Apollo3zehn / PureHDF

A pure .NET library that makes reading and writing of HDF5 files (groups, datasets, attributes, ...) very easy.
MIT License
47 stars 16 forks source link

How to write datatable to dataset ? #58

Closed chuongmep closed 5 months ago

chuongmep commented 5 months ago

Hi @Apollo3zehn ,

Thank you for your effort, this open source is awsome, Can I know if it posible allow write Datatable to dataset ?

some thing like this :

 [Test]
    public void TestSaveHdf()
    {
        DataTable data = new DataTable();
        data.Columns.Add("Name", typeof(string));
        data.Columns.Add("Age", typeof(int));
        data.Columns.Add("Location", typeof(string));
        data.Rows.Add("John", 30, "New York");
        var file = new H5File()
        {
            ["Walls"] = new H5Group()
            {
                ["metadata"] = data,
                ["string-dataset"] = new string[] { "One", "Two", "Three" },
            }
        };
        file.Write("test.h5");
    }
Apollo3zehn commented 5 months ago

PureHDF accepts arbitrary types and then serializes the properties and/or fields of that type to the file.
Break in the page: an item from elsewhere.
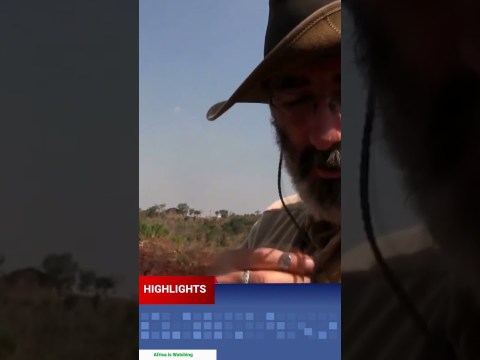 Here is some of the latest African News highlights #africanews Here is some of the latest African News highlights #africanews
I never worked with the DataTable type but it is a good idea to add support for it (in future). Support means to serialize the actual table content and not just the properties of that type. There seems to be a circular reference which causes a stack overflow.

As a workaround you could do it like this:

using PureHDF;

var metadata = new Row[]
{
    new Row("John", 30, "New York"),
    new Row("Maria", 28, "Colorado")
};

var file = new H5File()
{
    ["Walls"] = new H5Group()
    {
        ["metadata"] = metadata,
        ["string-dataset"] = new string[] { "One", "Two", "Three" },
    }
};
file.Write("/home/vincent/Downloads/abc/test.h5");

record Row(string Name, int Age, string Location);

grafik

chuongmep commented 5 months ago

@Apollo3zehn , can I know the library you are using to build row ?

Apollo3zehn commented 5 months ago

It is a simple record definition (C# 9 and C#10 feature):

record struct Row(string Name, int Age, string Location);

If you are stuck on an older C# version, you can alternatively define a struct:

struct Row
{
    public string Name;
    public int Age;
    public string Location;
}

Or you define a class with properties but performance is best with struct or record struct.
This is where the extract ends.